Solo quiero que sepas que existe un tipo de viento que sopla del norte hasta escabullirse entre las higueras retorcidas del Mediterráneo y que paga su peaje aquí, en las montañas de pizarra que están lascándose en Noruega. Besuquea con labios lujuriosos los ríos que remontan y remontan y remontan los salmones, revuelve un mechón del cabello espectacular de Puigdemont, atraviesa nuestro bolsillo hueco sin molestarlo, acaricia con una ternura inestimable las tumbas vestidas con sedas de lágrimas y que indican la puerta hacia esa inmensidad (oscura o luminosa, qué más dará hoy, solo hoy). Me gustaría expresarte que esto de aquí, nuestro mundo de tsunamis y volcanes y terremotos y desiertos y glaciares, este drama de aquí abajo es hipnóticamente jodido y muy hermoso.
Solo eso.
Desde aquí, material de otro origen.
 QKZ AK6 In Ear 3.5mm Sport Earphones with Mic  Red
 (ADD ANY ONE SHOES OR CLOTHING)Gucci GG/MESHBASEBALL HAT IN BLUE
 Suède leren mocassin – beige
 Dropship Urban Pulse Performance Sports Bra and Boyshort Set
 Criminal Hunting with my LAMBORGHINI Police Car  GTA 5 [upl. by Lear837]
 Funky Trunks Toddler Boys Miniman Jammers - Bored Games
Que tengas fuerza un día más. ¿En qué periódico leerás hoy que el mundo es bello y asquerosamente cruel a una misma vez, dicho así, sin ambages? Pero hoy no te diré con qué rincón vulgar debes soñar, ni siquiera te pediré que vengas a Noruega: te diré que no sueñes; que pisotees conmigo, desde el salón de tu casa, este mundo real que nos ha acogido. Alguna belleza se esconderá al otro lado de tu ventana, supongo. Un gorrión que busca desesperadamente algo que llevarse al pico, famélico, desplumado y trinando una melodía maravillosa; una brizna de hierba heroica que ha crecido obcecada entre el cemento y que ahora se asfixia, arrepentida. Pero esto no es un artículo de viajes, no lo es, no quiero que lo sea, me niego a jugar hoy con esta ilusión que conjuga la felicidad con viajar. Mañana jugaré pero hoy no.
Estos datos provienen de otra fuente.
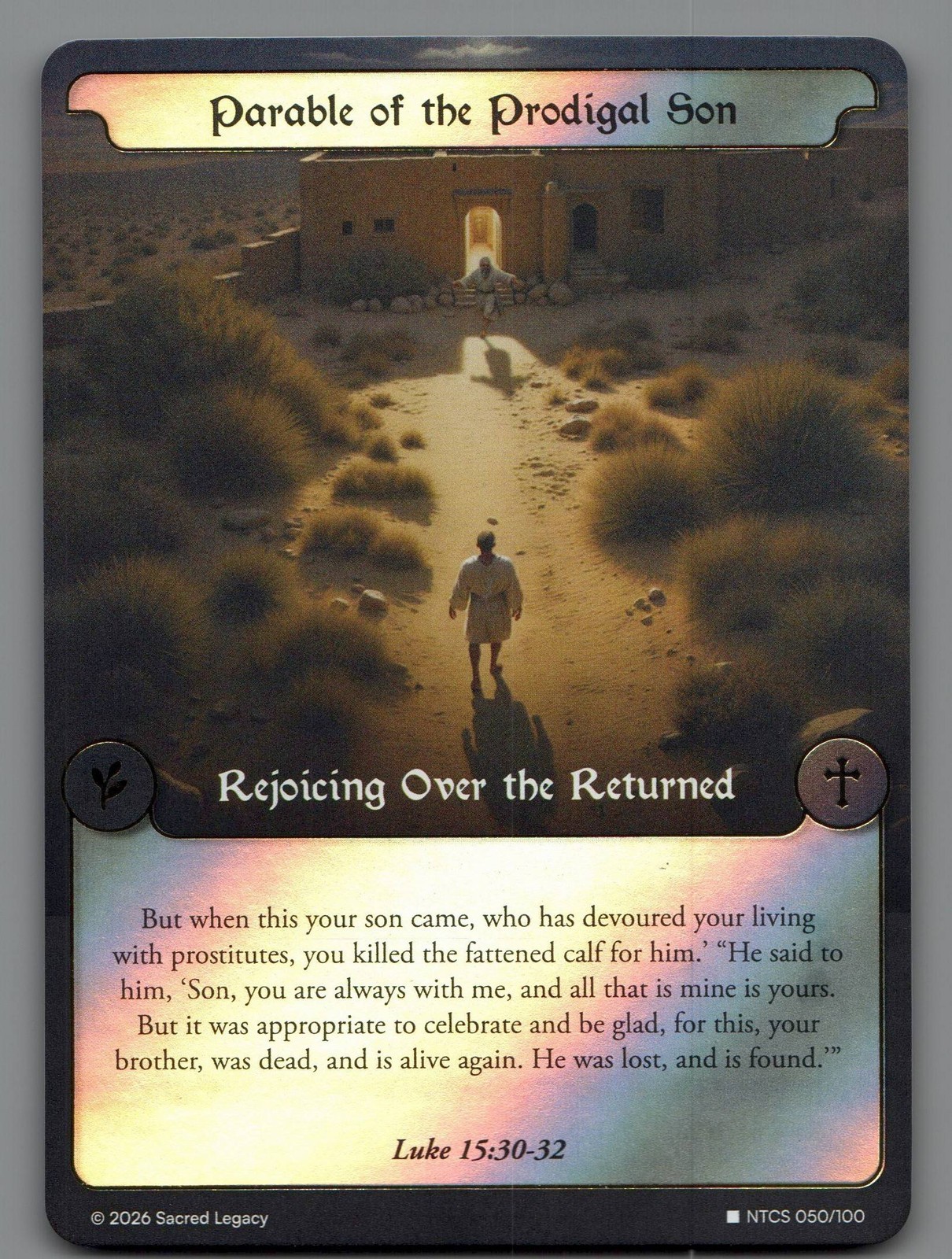 2026 Sacred Legacy 050/100 Parable of the Prodigal Son 2026 Sacred Legacy 050/100 Parable of the Prodigal Son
Te hablo únicamente sobre un pensamiento que se reproduce una y otra vez dentro del pecho de todos los hombres cansados que, durante un segundo, puede que un poco más, abren los ojos y comprenden este maldito milagro de la Naturaleza. Aunque… cualquier milagro nos obliga a ser mejores, más agradecidos, más santos… porque cae que los milagros, a fin de cuentas, siempre resultan traicioneros por su doble moral.